Euler 42

A triangle number is given by t~n~ = ½(n(n+1))

Lets start by writing a function for that:

triangle <- function(n){
  (n*(n+1))/2
}

If we take a word, Project Euler uses SKY as an example, we can take each letter, assign to it the value of its position in the alphabet, and add together the values of the letters.
SKY becomes 19 + 11 + 25 = 55.

Lets write a function that finds that:

lettervalue <- function(chars){
  chars <- toupper(chars)
  t <- unlist(strsplit(chars,""))
  sum(match(t, LETTERS))
}

First I convert the character string in the input to uppercase letters. This might not be necessary.
Then I split the string in individual characters. And unlist() the result.
Then I pass it to the match() function. That gives me the position of a character as a numerical value, in the vector LETTERS.
Neat function.
Then I sum it.

This is nice and vectorized all the way through.

But what was the problem I should solve?
Project Euler provides a list of words. How many of these are, when converted to a sum with the function above, a triangle number?

I have no idea about how long a given word is. But lets find out.

First, lets read in the file.

wordlist <- scan("p042_words.txt", what=character(), sep=",", quiet=TRUE)

What are the numerical values as defined above?
My function lettervalue just adds everything together. Which is a bit unhelpful. If I use map() from the purrr-libray, I can apply the function to each element in wordlist. I’ll have to unlist() it afterwards. That gives me all the numerical values:

library(purrr)
values <- unlist(map(wordlist, lettervalue))

What is the largest of them?

max(values)
## [1] 192

That is the highest number I have to check is triangular.

Lets generate a list of the first 20 triangle numbers:

t <- 1:20
triangles <- triangle(t)
max(triangles)
## [1] 210

That was lucky, triangle-number 20 is 210, which is larger than the largest value I have in the set of words.
Now I just need to find out how many of the values in values are in the variable triangles:

answer <- sum(values%in%triangles)

Neat.
Lessons learned:
1. map() can be used to apply a function to a vector. Even functions that are not that well behaved.
And it’s pretty damn fast.
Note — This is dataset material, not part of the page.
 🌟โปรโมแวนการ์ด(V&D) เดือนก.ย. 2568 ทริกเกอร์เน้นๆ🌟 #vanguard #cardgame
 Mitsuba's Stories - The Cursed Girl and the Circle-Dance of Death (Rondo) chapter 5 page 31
An alternative would be one of the apply-functions:

library(microbenchmark)
map_test <- function(){map(wordlist, lettervalue)}
apply_test <- function() {lapply(wordlist, lettervalue)}
mbm <- microbenchmark(map_test, apply_test, times=1000)
library(ggplot2)
autoplot(mbm)
## Warning: Transformation introduced infinite values in continuous y-axis
## Warning: Removed 915 rows containing non-finite values (stat_ydensity).

plot of chunk unnamed-chunk-8

  1. match() is also pretty useful. I spend a couple of frustrated minutes trying to get a list to behave as a lookup-table. match() is much easier.